Jean-Luc Godard sat down in Switzerland the other day with British reporter Fiachra Gibbons and dished about being 80, making his last films and how the internet has taken over everthing. It was quite a conversation and worth repeating in parts.
'"Film is over. The auteur is dead. The future is cut-and-paste movie mashups." Like that.
Gibbons was in Switzerland to talk with Godard about his latest movie "Film Socialisme," which the Guardian calls "the latest salvo in his 40-year war against Hollywood."
Gibbons' take? "'Film Socialisme' is vintage late-Godard in all its baffling glory: a numbing assault on the eyes, brain and the buttocks, that takes liberties with your patience and mental endurance, but has an undeniable originality. There is no story of course, heavens no.
Instead, we are at sea on a cacophonous Mediterranean cruise ship, a floating Las Vegas drowning in over-consumption, where a Greek chorus of actors and philosophers wander among the middle-aged passengers quoting Bismarck, Beckett, Derrida, Conrad and Goethe in French, German, Russian and Arabic."

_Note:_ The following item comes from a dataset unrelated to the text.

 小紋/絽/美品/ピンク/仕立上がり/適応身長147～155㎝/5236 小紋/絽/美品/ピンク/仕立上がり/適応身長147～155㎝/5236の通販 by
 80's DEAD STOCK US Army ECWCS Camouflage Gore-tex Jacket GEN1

It's not going to attract a large audience, but it will play well with college students, Marxists and old Godard fans the world over.
Me, baby boomer Franophile that I am, I love Godard. From "Breathless" to "Weekend," I could never get enough of him. I still love the guy. He's nuts, but so is the world we live in.
I spent the winter of 1969 in Paris watching every movie I could set my eyes on at the Cinemateque there. Every day. Day and night. I was hooked. I'm still hooked on movies. When I saw "Cinema Paradiso" I saw Godard in the aisles. When I saw "Night Market Hero" recently here in Taiwan, I saw Godard in the wings.
Godard's diehard disciples see it not just as a metaphor for Europe – a ship of aging malcontents adrift in their own history – but as a manifesto for a "new republic of images," free from the dead hand of corporate ownership and intellectual property laws. This new cinema will be cut and pasted together in a world beyond copyright, where droit d'auteur will soon seem as medieval as droit du seigneur.
Until now, Godard has shed little light on his creation, having gone AWOL just as the film was premiered at Cannes this year, leaving only the message: "Because of Greek-style problems, I cannot oblige you at Cannes. I would go to the death for the festival, but not a step further."
Sure, Godard is the guy who famously said "a story should have a beginning, a middle and an end, but not necessarily in that order." I think he was kidding.
But once Gibbons gets Godard talking, the quotes come fast and furious:
>> About Hollywood, or at least the Hollywood of the 1930s-1950s, Godard says: ""They could make films like no one else could. Now even the Norwegians can make films as bad as the Americans."
>> When Gibbons asks Jean-luc about about the apparent pressures of being seen as ''the auteur's auteur, a permanent visionary'', Godard replies: "I am not an auteur, well, not now anyway. We once believed we were auteurs but we weren't. We had no idea, really. Film is over. It's sad nobody is really exploring it. But what to do? And anyway, with mobile phones and everything, everyone is now an auteur."
>> About Godard's infamously controversial attitudes toward "les juifs," he tells the Guardian: "My answer to the person who will never ask me the right question about [my new movie ] is that the image I really like is the one about Palestine, the trapeze artists." (This is a metaphor for the beauty that will be born the day Jews and Arabs learn to work together, opines the leftwing Gibbons of the leftwing Guardian.)
>> Gibbons quotes ultra-trendy French ''philosophe'' Bernard Henri-Lévy — BHL — who has worked with Godard on a number of uncompleted and aborted projects about "the Jewish being," as saying of Godard that he is a man "trying to cure himself of his anti-Semitism." In his flic ''Film Socialisme," Godard again puts his hand in the wasps' nest — writes Gibbons — with such lines as: "How strange that Hollywood should be invented by the Jews."
Godard, of course, denies in the Guardian interview that he is anti-Semtiic or an antisemite. But my own take on Godard's attitude towards Jews is that he merely mirrors the entire history of Christendom. Every page of the the so-called "New" Testament has poisoned Europe and America with its centuries-old trumped-up charges of "the Jews killed Jesus" nonsense.
Every Christian who believes that Jesus is the only way to find God is a Scriptural anti-Semite, if truth be told. Godard is just a stupid man who inherited his anti-Semitism from centuries of the European disease.
Okay, what's Godard got on his plate next, as he sails into his 80s?
It's an unshot film titled "Adieu to Language", and according to the Guardian, "it's about 'a couple and a dog, and life and death and everything else.''
Just remember this when it comes to Godard: "Everyone is an auteur now. Film is over."